Me, a biologist, working with refuge law enforcement many years ago setting up a sensor. We'll always need police for our public lands and resources, but that's just one part of the equation. USFWS 2002.

Here’s another thing to think about. I’m writing this as a white guy who was harassed endlessly on the border, just for existing. Think about everything that people who are brown-skinned have to put up with! My best friend, who is Native American, got pulled over down there even more than I did, simply because of his skin color. (That’s still happening today with ICE, of course.) Given what we know about the relationship between policing and communities of color, as annoying as a militarized Interior will be for white folks, people of color are going to be hit so much harder in that dark future! 

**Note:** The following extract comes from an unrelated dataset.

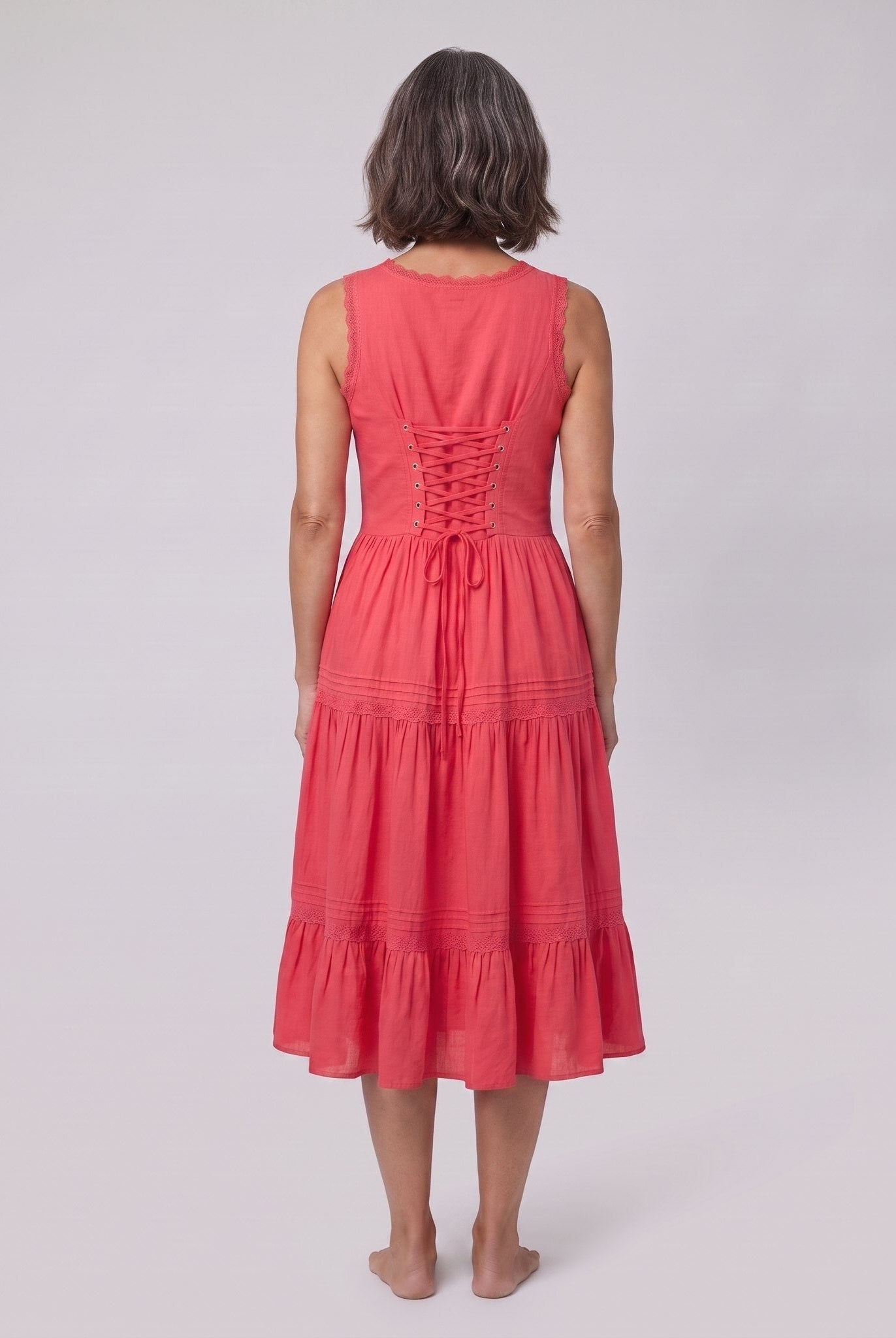Rosa Midi Dress | Sleeveless Corset-Effect, Embroidered for Weddings and Cocktail Parties 3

Someone will say that my scenario of militarization is unique to border immigration and controls (let’s dive into that another day). I think it’s an apt, cautionary tale because of my experience of acclimatization to it. And I shudder at the thought of our national parks, wildlife refuges, and public lands slipping into ever-more fortified places, where the norm is police presence, their ever-present scowls and glares, an increasing sense of combativeness and belligerence at every turn. I worked with and among law enforcement on the ground for many years…this is the reality of what it becomes.

I don’t have data on this, but my sense is that people generally do not want that. I suspect they want to see more interpreters helping us understand and appreciate our natural and cultural resources. Or scientists studying how to manage and restore habitats for the wildlife we love and depend on. Equipment operators doing that management and restoration on our public lands. And managers who are responsible for making decisions and choreographing it all to steward our parks, refuges, public lands for the country. Not to go back to the “good ol’ days,” but to aim for something better. And militarization ain’t it.

A man sits on a backhoe digging into dirt, with short trees in the background.
Every bit as important as law enforcement: the people who run backhoes to manage habitats, like here for endangered fish wetland work, to name just one of many roles. J. Malcom, USFWS, 2004

I hope you agree that the Department of the Interior should not be militarized, and that we should get highly sensitized to the ongoing attempts to do so. We should insist on a world where interpreters and biologists and equipment operators and managers—all the other people who serve the public and nature—are given every bit the same level of respect and attention as police. That we steer away from militarizing Interior. 

To borrow from and with all respect to Dylan Thomas, we cannot go gentle into that good night of a militarized Interior, and let's rage, rage against the dying of the light that are our free and open public lands and waters.

A rainbow extends from a cloud that looks like a face in profile, with dark storm clouds behind, and a desert grassland in the foreground.
A rainbow of hope from a face in the clouds. A few miles north of the border, probably on Bureau of Land Management lands. J. Malcom, USFWS.